WHAT TO PRODUCE:
Reproduce the closing run of lines below verbatim, from the line that contains "LIBAN * Mi 1093-98 Święto Armii" up to and including the final line.

SUPPLIED MATERIAL:

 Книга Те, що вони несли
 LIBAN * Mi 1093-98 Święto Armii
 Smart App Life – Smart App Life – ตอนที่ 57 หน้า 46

PROBLEM SOLUTION:
 LIBAN * Mi 1093-98 Święto Armii
 Smart App Life – Smart App Life – ตอนที่ 57 หน้า 46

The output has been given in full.